Meretz leader blasts Lapid for not advancing civil marriage

Zehava Galon says Lapid's decision to promote civil unions instead of marriage is a surrender to the religious right.

Yair Lapid  (photo credit: Reuters)
Yair Lapid
(photo credit: Reuters)
Meretz leader Zehava Gal-On lambasted Yesh Atid chairman Yair Lapid for failing to advance legislation on civil marriage, during a conference the Israel Bar Association held on Thursday.
“The Israeli public is forced to marry and divorce according to religious law [under a decision] that was adopted by the Knesset in 1953 – law that is 3,000 years old and is based on racial discrimination, religious coercion and discrimination against women, that is anti-democratic and sees women as the acquisition of their husbands,” said Gal-On.
The Meretz leader then turned her ire on Lapid, saying that proposals by his party to promote civil unions instead of civil marriage indicated Yesh Atid’s “surrender” to Bayit Yehudi and lobbyists of the Chief Rabbinate on the matter.
“They [Bayit Yehudi] exercise their right to veto [legislation on religion and state] against every idea that even has the whiff of possibly damaging the monopoly of Orthodox Judaism on marriage in Israel,” she said. “It has become clear once again that Lapid’s promises are empty.”
She went on to say that only a separation of religion and state could enable free choice in marriage, and noted that two-thirds of the Israeli public were in favor of civil marriage.
A spokeswoman for Yesh Atid refused to comment on Gal-On’s criticism of Lapid.

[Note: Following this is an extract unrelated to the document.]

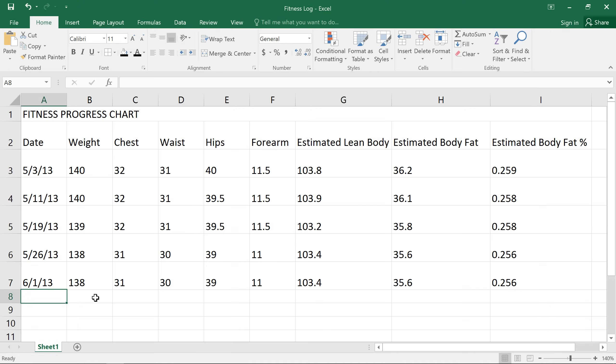The look and feel of your workbook has a lot to do with the formatting choices you make. For example, let's add some formatting to this fitness chart. That'll make it easier to read and more visually appealing.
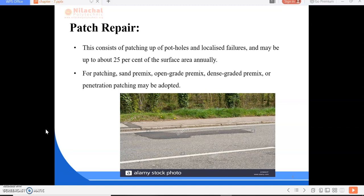Marking the patches: the damaged surface area of the road is marked in a rectangular shape. Cutting and digging: the marked portion is excavated and the holes formed are cleared, then primers are applied. Filling the hole: in case of pre-mixed pavement, the excavation is filled with pre-mixed bituminous concrete.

The Chief Rabbinate and the rabbinical courts have sole jurisdiction over Jewish marriage and divorce in Israel, while religious institutions for Christians, Muslims and other religions have jurisdiction over marriage and divorce for their respective communities.
Yesh Atid attempted to advance legislation on civil marriage during 2013, but Bayit Yehudi stymied these efforts.
Religious opponents of civil marriage cite concerns that it would lead to an increase in intermarriage with non-Jewish Israelis, as well as in the number of children from such relationships who would fall into a problematic category of Jewish law.